How did the Government revoke Article 370?
- Article 370 – It was a temporary framework meant to decide the working relationship between Union of India and State of J&K until the Constituent Assembly of J&K until the assembly formed a new constitution for themselves.
- Hence, 370 automatically goes away with the framing of J&K Constitution.
- Today, the Constitution of J&K has been replaced with the Constitution of India.
- Article 370(3) – Dealing with the repulsion of Article 370. Today, the term ‘constituent assembly’ has been replaced with the term ‘legislative assembly’ after CA has ended.
- Apart from Article 370(2) and 370(3), the entire provisions of Article 370(1) refers to the Government of State. Since 1952, the Government of State refers to the Governor of the State. (Delhi Agreement (1952) between Nehru and Sheikh Abdullah – Replaced Sadr-e-Riyasat with the term ‘Governor’).
- Therefore, Article 370 is not abrogated, but Article 370(1) has been used to make the Constitution of Jammu and Kashmir redundant.
- Article 35-A is a conjoined twin of Presidential order of 1954. As the 1954 order is superseded with a new order today, the Article 35-A goes away with it automatically.

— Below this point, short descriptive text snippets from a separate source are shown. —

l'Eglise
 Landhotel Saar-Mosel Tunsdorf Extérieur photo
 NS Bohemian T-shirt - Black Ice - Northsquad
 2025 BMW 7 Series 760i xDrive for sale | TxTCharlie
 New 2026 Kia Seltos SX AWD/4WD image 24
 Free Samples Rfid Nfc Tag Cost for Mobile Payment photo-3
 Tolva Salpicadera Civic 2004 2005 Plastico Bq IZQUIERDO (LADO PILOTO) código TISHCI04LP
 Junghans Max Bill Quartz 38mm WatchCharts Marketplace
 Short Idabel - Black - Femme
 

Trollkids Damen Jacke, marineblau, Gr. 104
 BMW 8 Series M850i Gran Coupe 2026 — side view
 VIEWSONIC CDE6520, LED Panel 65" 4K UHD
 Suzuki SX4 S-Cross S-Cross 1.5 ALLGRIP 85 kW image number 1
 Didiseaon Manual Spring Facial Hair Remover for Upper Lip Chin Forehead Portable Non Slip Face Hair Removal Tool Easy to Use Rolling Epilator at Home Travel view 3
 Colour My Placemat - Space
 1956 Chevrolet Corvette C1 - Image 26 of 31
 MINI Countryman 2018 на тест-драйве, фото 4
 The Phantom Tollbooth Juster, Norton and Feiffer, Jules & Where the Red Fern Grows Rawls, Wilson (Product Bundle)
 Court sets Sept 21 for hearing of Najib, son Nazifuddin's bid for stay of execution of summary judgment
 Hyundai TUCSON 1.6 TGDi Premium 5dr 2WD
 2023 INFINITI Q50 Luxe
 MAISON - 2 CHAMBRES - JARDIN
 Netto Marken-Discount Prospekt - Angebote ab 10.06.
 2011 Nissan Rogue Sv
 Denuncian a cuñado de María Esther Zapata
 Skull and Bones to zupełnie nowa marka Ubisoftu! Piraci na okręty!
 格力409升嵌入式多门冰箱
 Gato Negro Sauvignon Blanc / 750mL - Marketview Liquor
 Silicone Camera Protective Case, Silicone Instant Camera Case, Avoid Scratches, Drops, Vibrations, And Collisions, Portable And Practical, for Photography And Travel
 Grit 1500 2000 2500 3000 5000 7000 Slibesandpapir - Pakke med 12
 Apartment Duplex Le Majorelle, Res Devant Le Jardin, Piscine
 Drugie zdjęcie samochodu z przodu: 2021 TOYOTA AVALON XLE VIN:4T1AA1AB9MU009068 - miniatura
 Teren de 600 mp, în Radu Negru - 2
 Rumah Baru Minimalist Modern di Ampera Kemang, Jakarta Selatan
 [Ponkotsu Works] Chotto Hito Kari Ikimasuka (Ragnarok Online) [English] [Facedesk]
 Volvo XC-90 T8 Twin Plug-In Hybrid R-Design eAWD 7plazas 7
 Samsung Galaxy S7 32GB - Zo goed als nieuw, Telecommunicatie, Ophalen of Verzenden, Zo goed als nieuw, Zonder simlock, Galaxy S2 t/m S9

Why notification was enough and no need to amend the Constitution?
To understand this, you need to break Article 370 (1) into two different categories –
- Article 370(1)(a) and (b)- The power of the Parliament to make laws.
- Article 370(1)(d) – Power of the President to issue notifications.
Power of Parliament –
- ‘Instrument of accession’ is the basis and primary document that establishes the relationship between two identities (not Article 370). Article 370 only decides the degree of autonomy.
- Under Article 370(1), those issues which are identified in the instrument of accession i.e. defence, external affairs and communications which are relatable to the matters of Union List and Concurrent List, the Parliament shall have power to make laws on such subjects with the only ‘consultation’ required from the Government of State.
- For matters that fall under Union and Concurrent List, but not falling under the above mentioned three matters, the Parliament requires the ‘concurrence’ of the Government of State.
Power of President –
- Article 370(1)(d) – Power of the President to apply other provisions of the Indian Constitution except mentioned in Article 1 and Article 370 of the Constitution (as these two provisions are mentioned in Article 370(1)(c) ).
- President can invoke his powers under Article 370(1)(d) to apply such other provisions of the Constitution with or without exceptions/modifications via the use of a notification. A rule applies here saying, if the order relates to the issues under the ‘Instruments of Accession’, then you need only the consultation of the Government of the State.
- If the order relates to the issues outside the ‘Instruments of Accession’, then you need the concurrence of the Government of the State.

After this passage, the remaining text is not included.